Tristan : Reading with Grandpa makes me take the time to read and plan my other interests like basketball and the PS4 around our time together. We read books that are more empowering and expansive than the ones I would probably choose on my own and it’s great to talk about this with someone who has so much more life experience than I have. Better yet, reading together gave Grandpa a chance to find out what’s going on in my life while allowing me to keep an eye on him as well.

Graham: Last August, Tristan and I were finally able to meet in person in Vancouver. Reading took precedence over outdoor activities like basketball, tennis, and swimming, but we still inserted a few pages on most days of his visit. I realize that our literary bridge will be strained as Tristan progresses into his teenage years and other interests take over, but for now we continue to pick new books together. At the very least, I hope I have been able to share my love of reading and my belief in the importance of words in the age of ubiquitous social media and “fake news”.

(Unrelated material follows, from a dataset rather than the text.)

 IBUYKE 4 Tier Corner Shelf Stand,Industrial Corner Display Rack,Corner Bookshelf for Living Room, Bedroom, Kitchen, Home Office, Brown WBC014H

Perhaps the words Tristan and I enjoyed reading together the most are in The lost words, a richly illustrated book by Robert Macfarlane and Jackie Morris that lists words for plants and animals that have started to disappear from children’s dictionaries due to their obsolescence. It contains wonderful poetry, augmented with stunning works of art, and it becomes especially alive to us when read together, sitting side by side.

Together we realized how much words matter in times like these, when they are too often thrown out without thinking too much about their consequences.

Tristan Rawlings lives in Toronto; Graham Rawlings lives in Vancouver.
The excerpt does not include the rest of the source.